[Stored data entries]
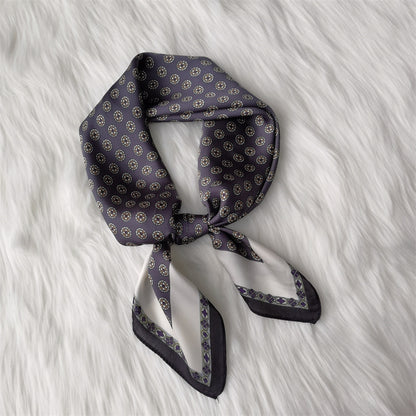Foulard "L'Essence du Luxe"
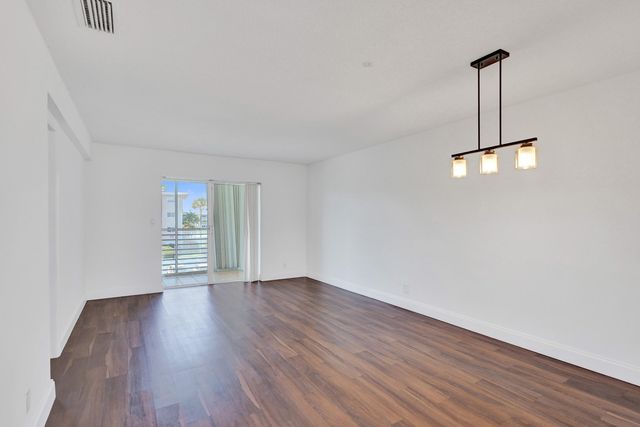 2640 S Garden Dr Drive S 301, Lake Worth, FL 33461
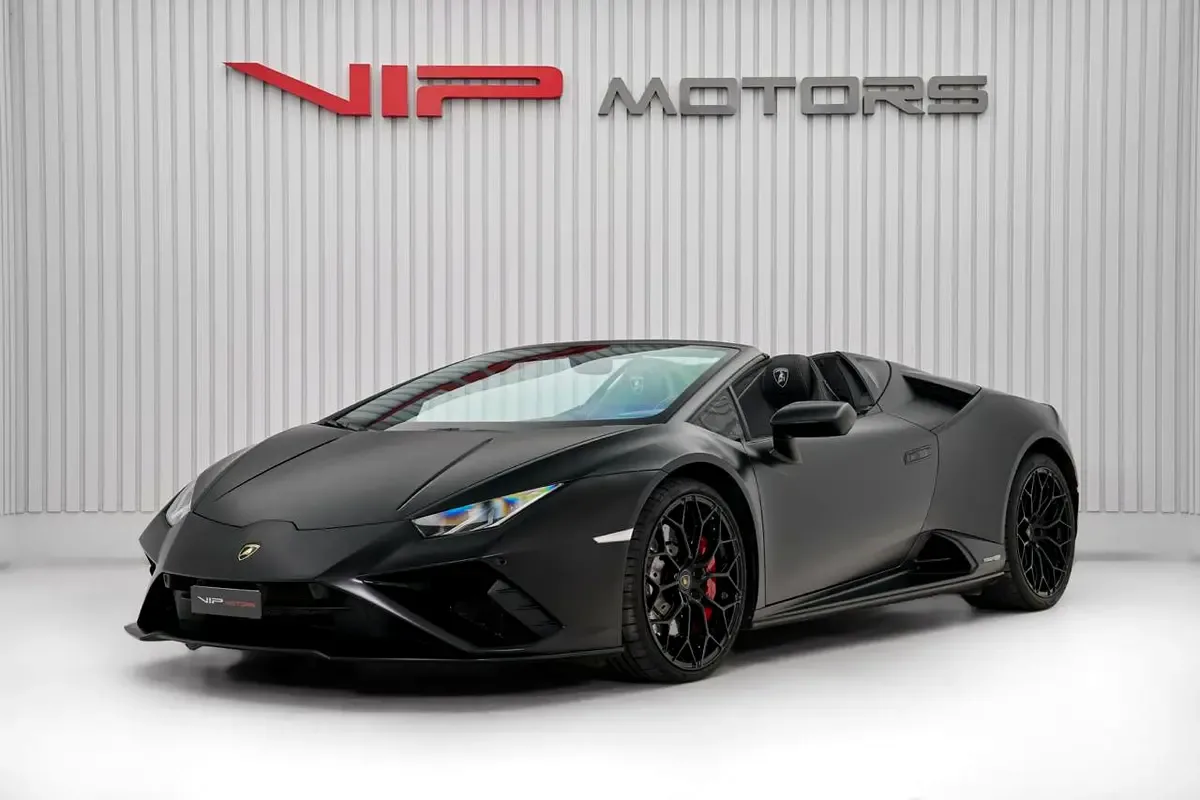 2021 Lamborghini Huracán EVO Spyder en un concesionario especializado de Dubái, Emiratos Árabes Unidos, foto principal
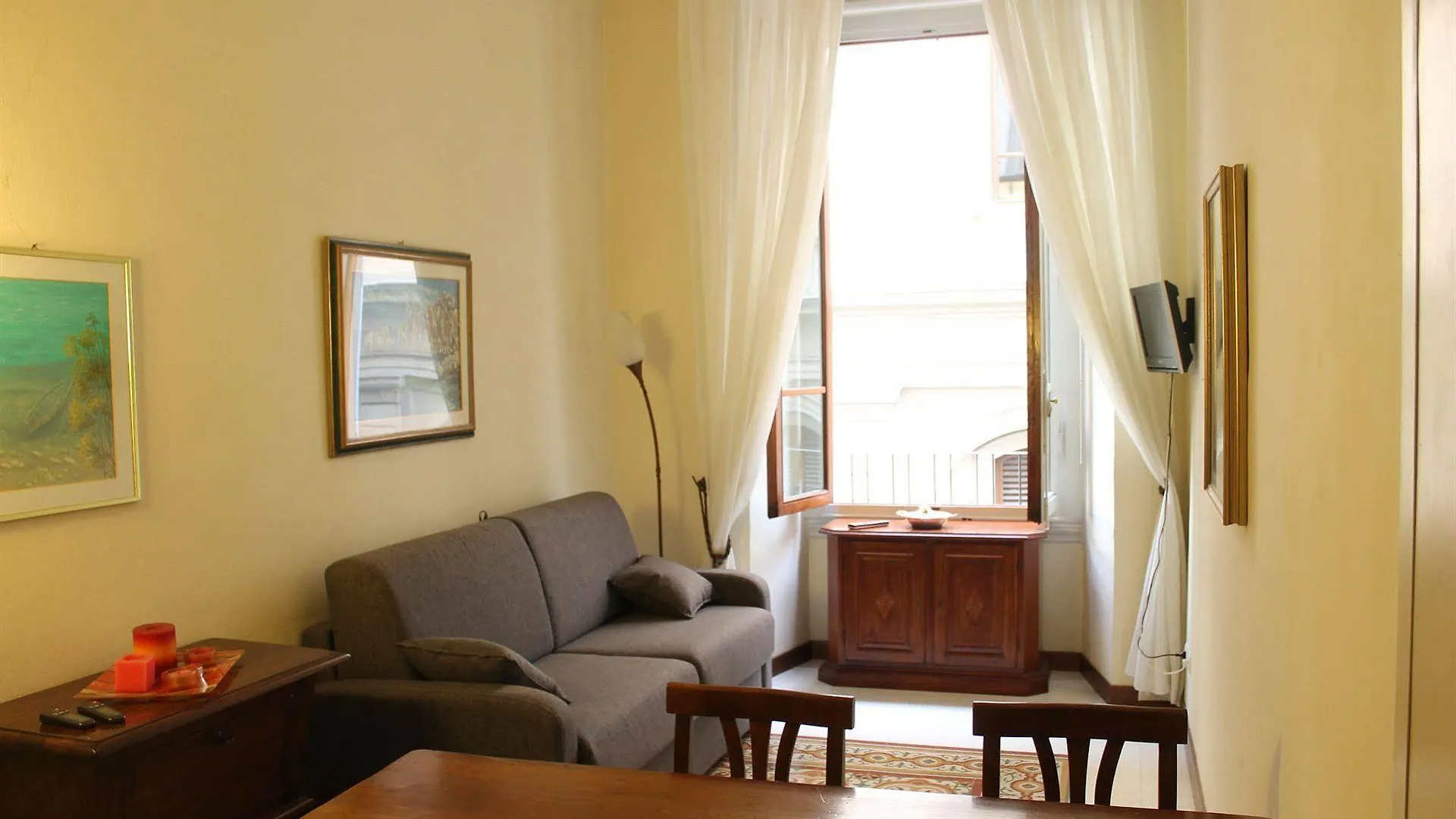 Via Roma Suites フィレンツェ アパート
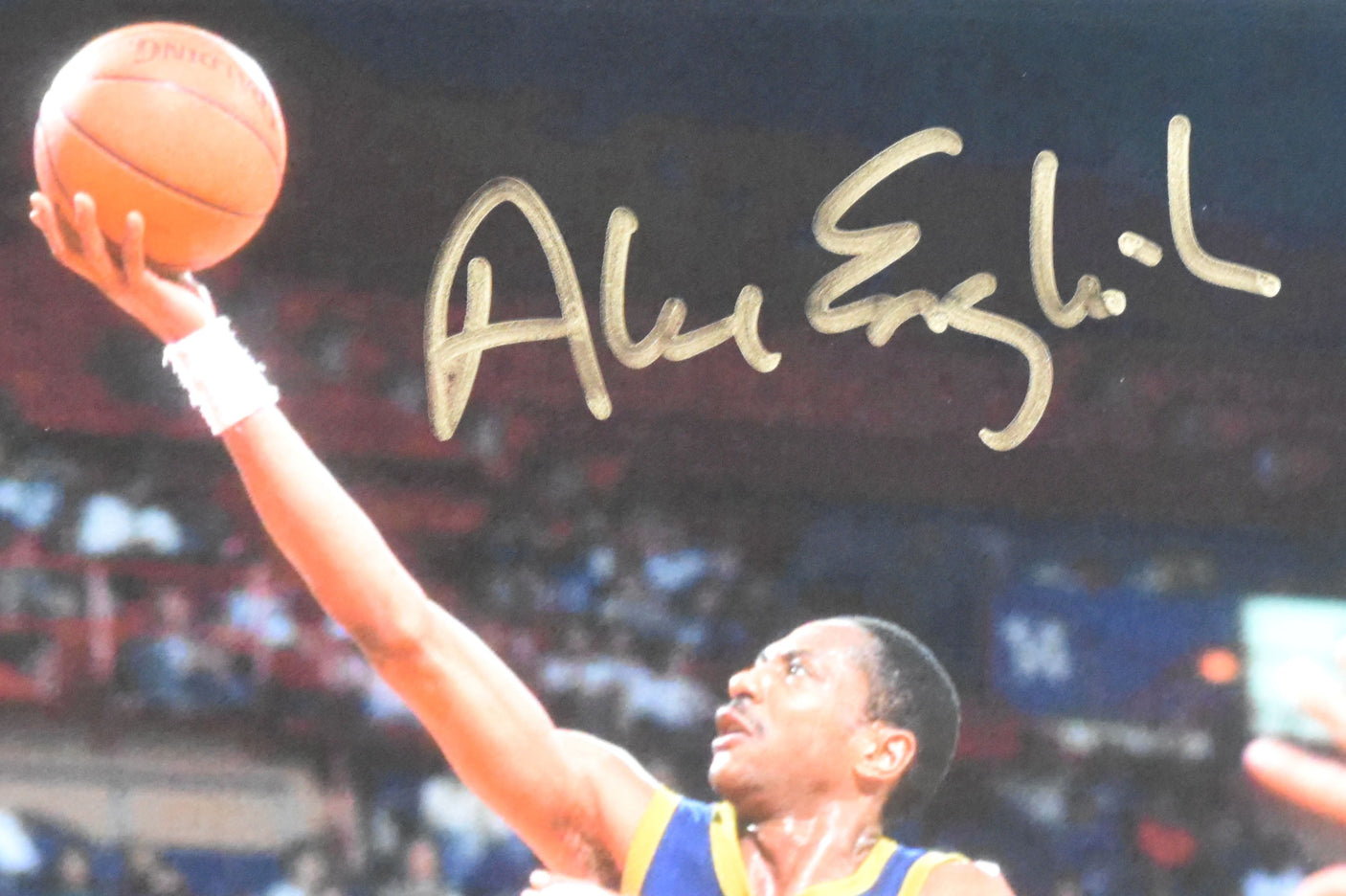 Alex English Autographed Denver Nuggets 8x10 Lay Up Photo - Prova *Gold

■ **EXERCISE DETAILS**:
Every line above should be printed again word for word, without its pictures.

■ **OUTPUT OF THE EXERCISE**:
Foulard "L'Essence du Luxe"
 2640 S Garden Dr Drive S 301, Lake Worth, FL 33461
 2021 Lamborghini Huracán EVO Spyder en un concesionario especializado de Dubái, Emiratos Árabes Unidos, foto principal
 Via Roma Suites フィレンツェ アパート
 Alex English Autographed Denver Nuggets 8x10 Lay Up Photo - Prova *Gold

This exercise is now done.